The previous certainty of things to come is one of those truths which are not easily comprehended. The difficulty seems to arise from a habit that we have of measuring all intellectual powers by the standard of human intellect. There is nothing in the nature of certainty, abstractedly considered, to connect it with past time or with the present, more than with the future; but human knowledge extends in so small a degree to future things, that scarce any thing becomes certain to us till it is come to pass, and therefore we are apt to imagine that things acquire their certainty from their accomplishment. But this is a gross fallacy. The proof of an event to us always depends either upon the testimony of others or the evidence of our own senses; but the certainty of events in themselves arises from their natural connexion with their proper causes. Hence, to that great Being who knows things, not by testimony, not by sense, but by their causes, as being himself the First Cause, the source of power and activity to all other causes, to Him, every thing that shall ever be, is at all times infinitely more certain than any thing either past or present can be to any man, except perhaps the simple fact of his own existence, and some of those necessary truths which are evidenced to every man, not by his bodily senses, but by that internal perception which seems to be the first act of created intellect.

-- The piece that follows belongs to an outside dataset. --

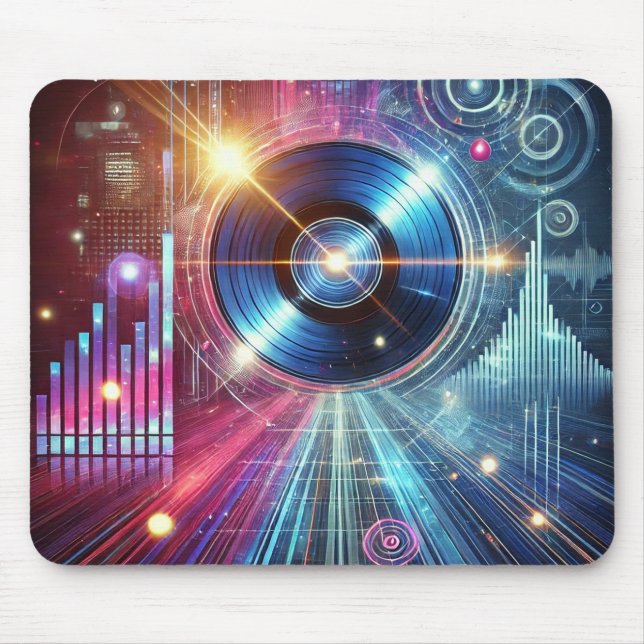 Cyberpunk Vinyl Beats - Neon Synthwave Gaming Mous Mouse Mat (Front)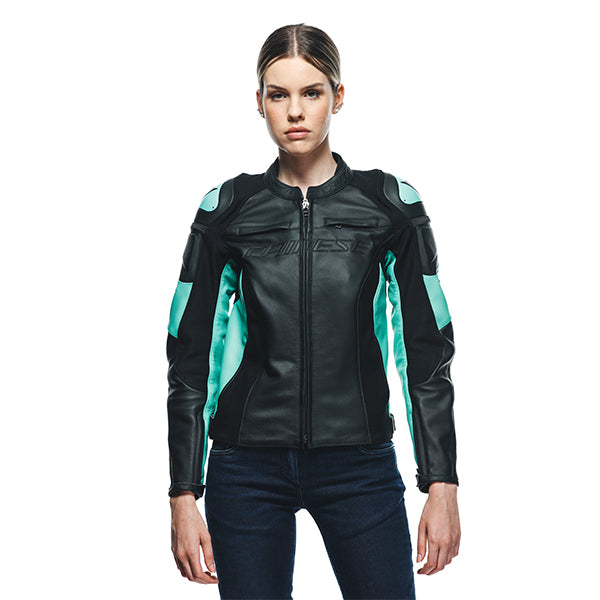 Dainese Racing 4 Ladies Leather Jacket Black / Aqua Green (Image 4) - ThrottleChimp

This certainty, however, is to be carefully distinguished from a true necessity inherent in the nature of the thing. A thing is necessary when the idea of existence is included in the idea of the thing as an inseparable part of it. Thus, God is necessary;—the mind cannot think of him at all without thinking of him as existent. The very notion and name of an event excludes this necessity, which belongs only to things uncaused. The events of the created universe are certain, because sufficient causes do, not because they must, act to their production. God knows this certainty, because he knows the action of all these causes, inasmuch as he himself begins it, and perfectly comprehends those mutual connexions between the things he hath created, which render this a cause, and that its effect.

But the mere certainty of things to come, including in it even human actions, is not all that is implied in the terms of our Lord's prediction; which plainly intimate that the actions of men, even their worst actions, are in some measure comprised in the design

of Providence, who, although he wills not the evil of any single act, undoubtedly wills the good in which the whole system of created agency shall ultimately terminate.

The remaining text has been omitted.